Maundy Thursday

Today is Maundy Thursday. The word is a middle-English word meaning “commandment.” World Wide Words says, “In Latin “new commandment” is mandatum novum (the first word is also the origin of mandate); on Maundy Thursday in Roman Catholic churches the anthem Mandatum novum do vobis (“a new commandment I give to you”, the start of verse 13:34 in St John’s gospel) would be sung, in particular following the royal ceremony of washing feet and giving alms. As a result, the ceremony became known as mandatum. The Old French version of that word is mandé and over time it became corrupted into maundy.”1 There was a tradition in England until James II that the monarch washed the feet of the poor on this day. Now ceremonial coins are given by the monarch instead.
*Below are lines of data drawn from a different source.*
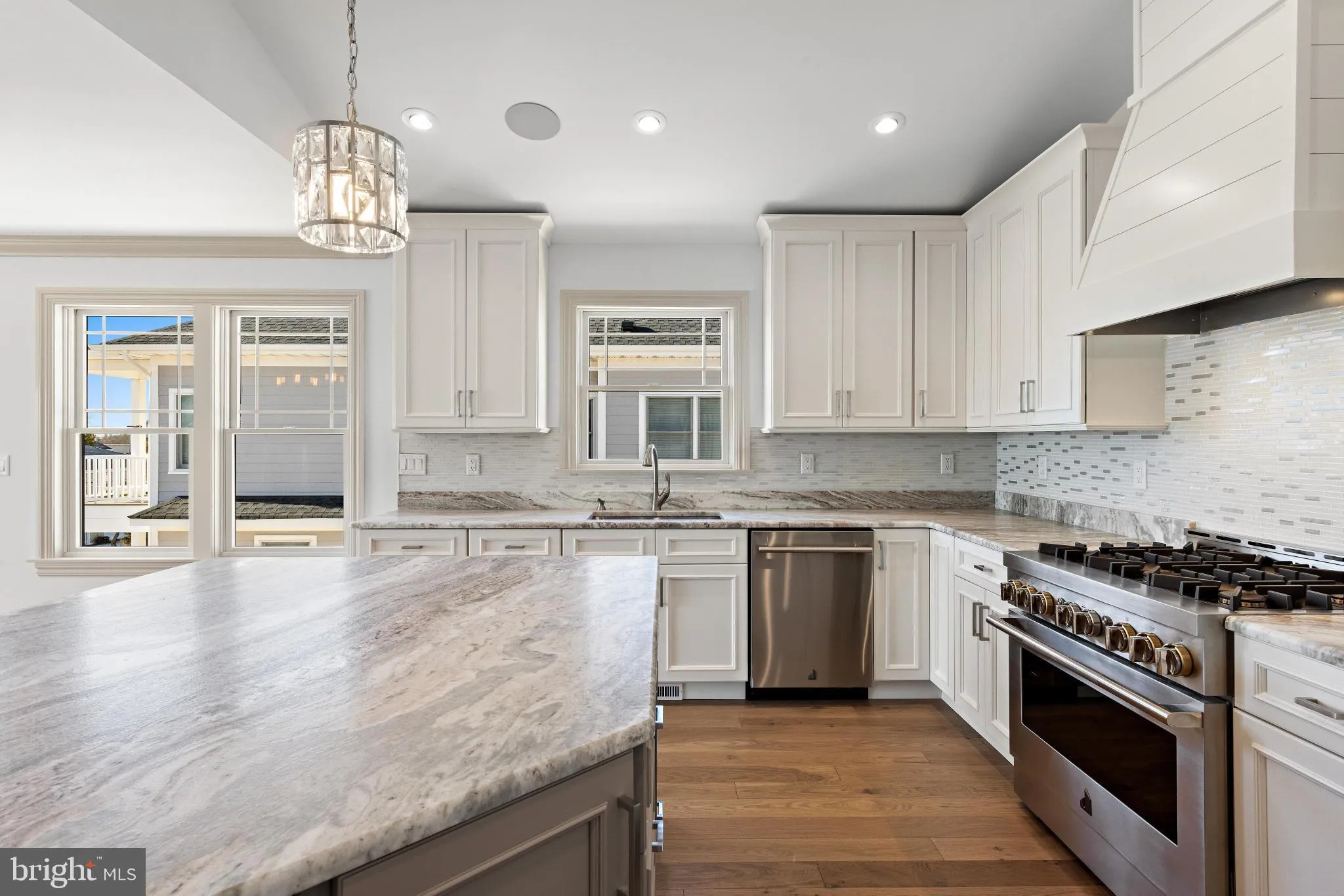 Surf City, New Jersey 08008, United States, 4 Bedrooms Bedrooms, ,5 BathroomsBathrooms,Residential,Active,9987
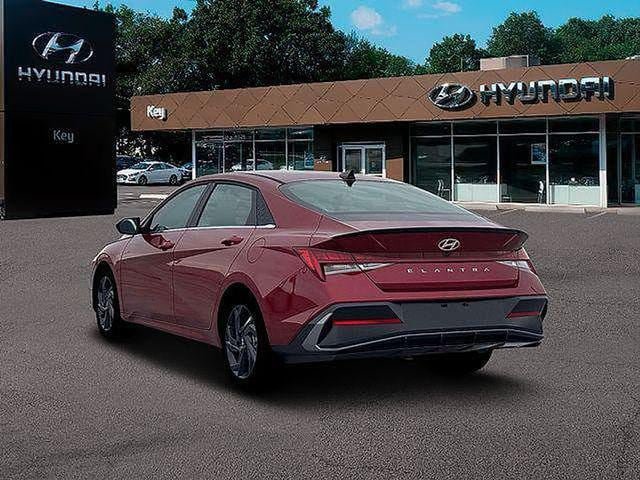 New 2026 Hyundai Elantra SEL Sport Premium FWD image 7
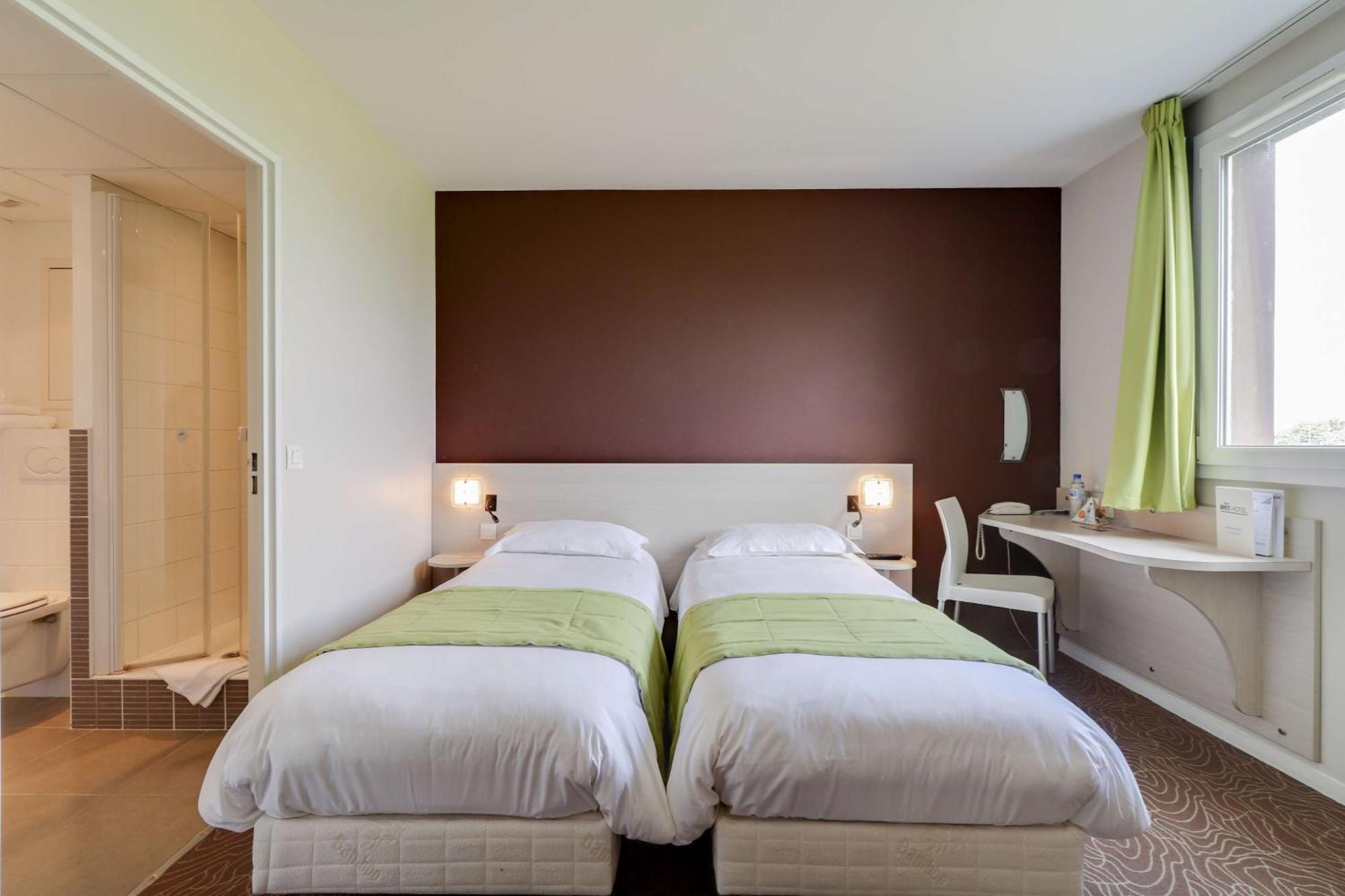 Brit Hotel Saint-Meen-Le-Grand En Broceliande Exterior foto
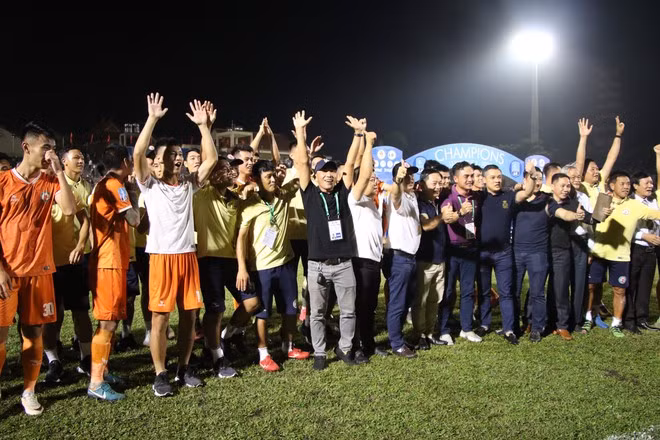 Chùm ảnh: Niềm vui của bóng đá Bình Định trở lại V-League sau 12 năm chờ đợi ảnh 8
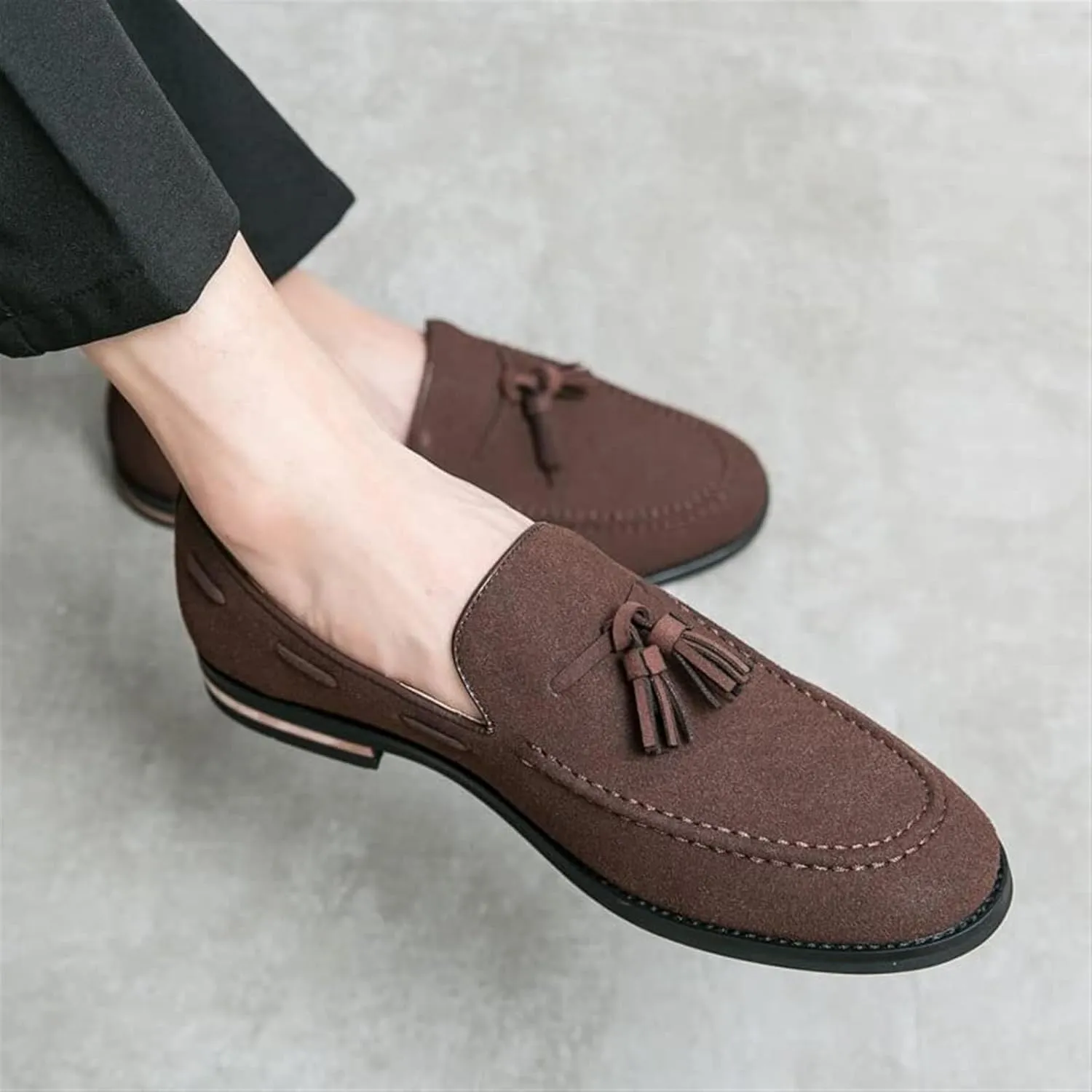 Men's Casual Tassel Loafers Slip On Driving Shoes Fashion Lightweight Shoes Hand-Sewn Suede Penny Loafers Shoes Business Chunky Heel Dress Shoes Outdoor Walking Office Work Shoes for Men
The new commandment that Jesus gave was to love one another, symbolized in the washing of feet. Feet in Jesus’ day were not protected from the elements in fancy Oxfords or even Nike’s. The roads did not have “Do Not Litter” signs along them and nobody picked up after their dogs. Sandaled feet tended to be—dirty. Washing them was a profound act of service and welcome, something normally done by a household slave. Now the Master kneels to wash feet.

I am no monarch, but today I will be down the street at “The Hub” offering to wash anyone’s feet (or hands) that would like me to. I offer it as a symbol of our commitment to Jesus’ new commandment to love as he loved—to “wash the feet” of the world.